Yeah, I'd observed the writing out using strace as I used it.  The last
thing it does before the segfault, according to strace, is ... well,
here's the strace output:

--- snip ---

eventfd2(0, O_NONBLOCK|O_CLOEXEC)       = 28
write(28, "\1\0\0\0\0\0\0\0", 8)        = 8
write(8, "\1\0\0\0\0\0\0\0", 8)         = 8
futex(0x17f2bd0, FUTEX_WAKE_PRIVATE, 1) = 0
futex(0x13fc8d0, FUTEX_WAKE_PRIVATE, 1) = 1
futex(0x17e90b8, FUTEX_WAKE_PRIVATE, 1) = 1
poll([{fd=28, events=POLLIN}], 1, 25000) = 1 ([{fd=28, revents=POLLIN}])
poll([{fd=28, events=POLLIN}], 1, 25000) = 1 ([{fd=28, revents=POLLIN}])
read(28, "\1\0\0\0\0\0\0\0", 16)        = 8
poll([{fd=28, events=POLLIN}], 1, 25000) = 1 ([{fd=28, revents=POLLIN}])
read(28, "\1\0\0\0\0\0\0\0", 16)        = 8
write(28, "\1\0\0\0\0\0\0\0", 8)        = 8
futex(0x23bdc00, FUTEX_WAKE_PRIVATE, 2147483647) = 0
close(28)                               = 0
--- SIGSEGV {si_signo=SIGSEGV, si_code=SI_KERNEL, si_addr=0} ---
+++ killed by SIGSEGV +++

--- snip ---

Before that, it was deleting cache files.  But as you can see here, the
eventfd2() file handle closes successfully.

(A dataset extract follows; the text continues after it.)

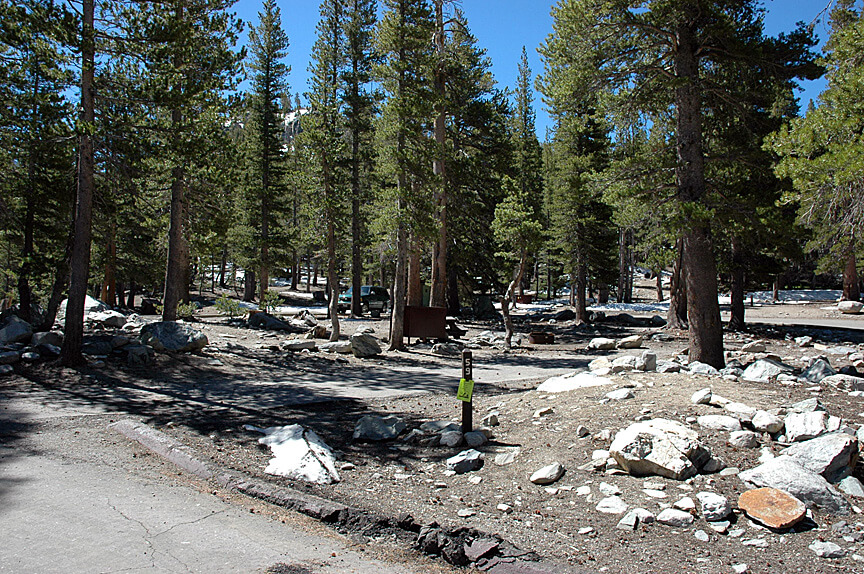 The Best Mammoth Lakes Area Campgrounds Coldwater Campsite 59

The interesting thing is that even switching groups doesn't get the
message counters updated properly.  But as I think about what I do in my
setup, I wonder if fuse might be a factor here.

I may need to test that.

See, what I do with my pan installation is store the config files in an
encfs container.  I mount the containers (one for .pan2 and one for News)
prior to launching pan, and unmount them after pan exits.  I had toyed
around with adding a delay to the 'fusermount -u' commands, but that
didn't make a difference on the segfault (which makes sense, since pan
has to exit before the volumes are umounted).

(Mostly as a point of interest - I do this because I have secure access
to a couple NNTP servers that hold sensitive information, and I sync the
config between multiple systems using Dropbox - but I don't want the
passwords stored in a format that can be read by anyone who happens to
hack my Dropbox account for some reason.)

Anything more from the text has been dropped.